President General Pervez Musharraf's military-led regime had to go to extraordinary lengths before and after the 10 October 2002 elections to place Sindh under its control. With the help of top leaders from the ruling Pakistan Muslim League (Quaid-e-Azam) (PML-Q) in Islamabad, including Prime Minister Zafarullah Jamali and senior intelligence officials, the difficulties were surmounted and a provincial setup extremely favourable to Musharraf eventually emerged. Even after taking 67 of the provincial assembly's 168 seats, the Pakistan Peoples Party (Parliamentarians) (PPP-P), the single largest group in the house, had to be content with sitting on the opposition benches in the company of the Muttahida Majlis-e-Amal, an alliance of six religious parties.
Well before the general elections, the military regime had initiated the process of forming client parties and coalitions in Sindh. Some of these are the provincial offspring of national parties that were born with military assistance.
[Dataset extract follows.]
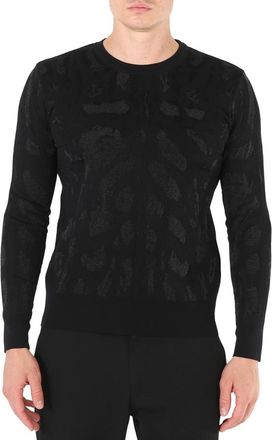 Roberto Cavalli Mens Black Lynx Jacquard Sweater, Size Medium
Others were manufactured locally by Islamabad's factotums and their underlings. The PML-Q is an instance of the former species. The PML-Q, otherwise known as the "king's party", emerged in the wake of deposed Prime Minister Nawaz Sharif's exile to Saudi Arabia in 2000 through a deal that is yet to be made public. The majority of PML (Nawaz) politicos left the party and formed the Quaid-e-Azam league, which openly supported the bloodless military coup of General Musharraf and got political largesse in return. This national symbiosis naturally extends to the provinces as well and therefore Sindh has its own branch of the kings party.
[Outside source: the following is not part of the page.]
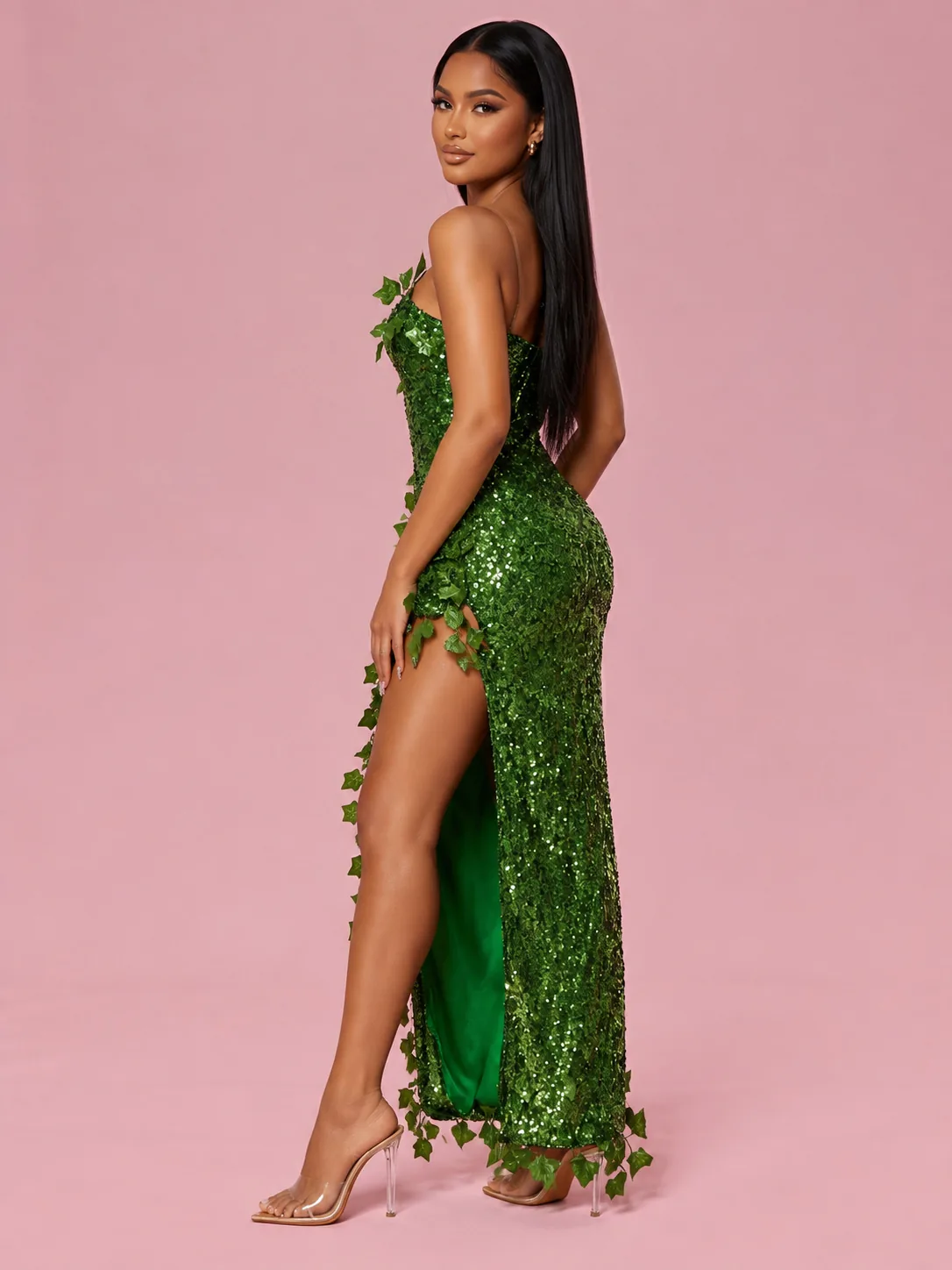 Ivy Leaf Sequin Gown Halloween Costume for Women - Green - View 2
Since the PML-Q could not on its own deliver Sindh to the military regime, special arrangements had to be made at the provincial level. As a first step Islamabad helped to orchestrate the rise of political to counter the influence of the Benazir Bhutto-led Pakistan Peoples Party, (whose parliamentary wing is called Pakistan Peoples Party – Parliamentarians) in its stronghold. The most significant of these creations was the Sindh Democratic Alliance (SDA). Bureaucrat-turned-politician, Imtiaz Shaikh formed the SDA in mid-2001 after resigning from a senior government post. In launching the party he secured the support of a clique of feudal lords and bureaucrats on a common anti-PPP stance. The group initially called itself an alliance of politicians and included the National Peoples Party (NPP) led by Ghulam Mustafa Jatoi, a feudal baron and veteran politician. Imtiaz Shaikh, who in the early 1990s was the right-hand man of the late chief minister, Jam Sadiq Ali, whose tenure was characterised by political victimisation and fiscal misappropriation, undertook a massive propaganda campaign to prepare the ground for transforming this loose alliance into a political party. Irfanullah Marwat – the son-in-law of former President Ghulam Ishaq Khan, an advisor to the Jam Sadiq government, and an accused in the alleged rape of two PPP workers – also joined the SDA. Ironically, one of the two PPP workers who accused Marwat of rape, Raheela Tiwana, subsequently shifted political allegiance and eventually joined the SDA before going on gain a ministerial post in the provincial government. Such are the dynamics of military inspired party formation in Sindh.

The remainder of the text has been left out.